_Collected data_.
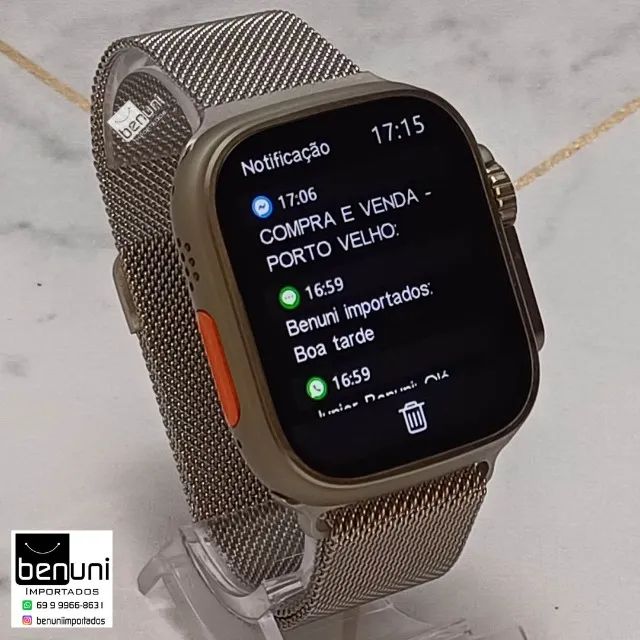 Relógio inteligente W68 ULTRA MAX + Pulseira extra - Estilo e tecnologia no seu pulso - Foto 2
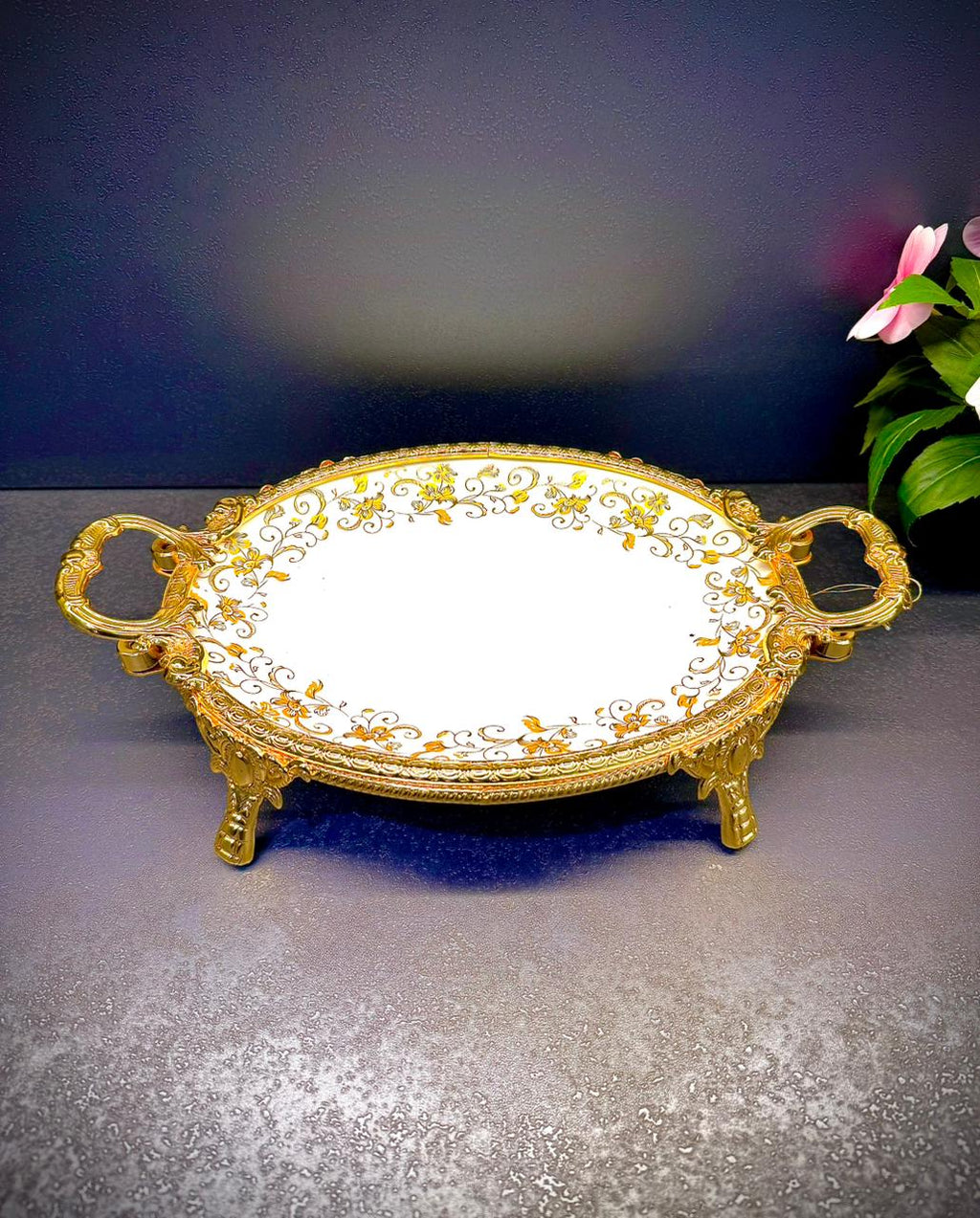 BR5009 Oval Flate Tray 8c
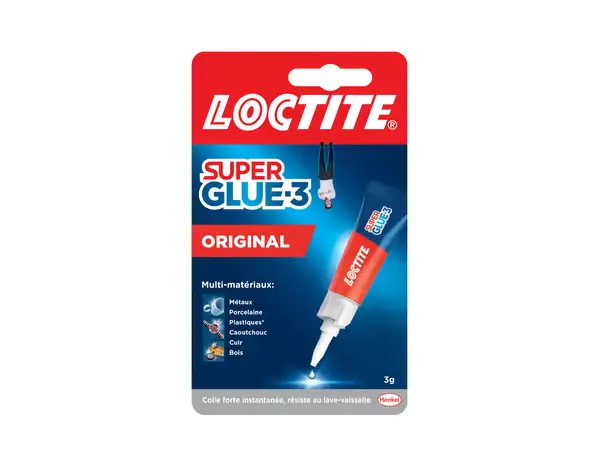 Super glue 3 liquide Universal tube de 3g - LOCTITE - 2608918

_Your task_. Give back, word for word, the lines from the one containing "BR5009 Oval Flate Tray 8c" through the last line of the listing above; include both ends and exclude the pictures.

_Response box_.
 BR5009 Oval Flate Tray 8c
 Super glue 3 liquide Universal tube de 3g - LOCTITE - 2608918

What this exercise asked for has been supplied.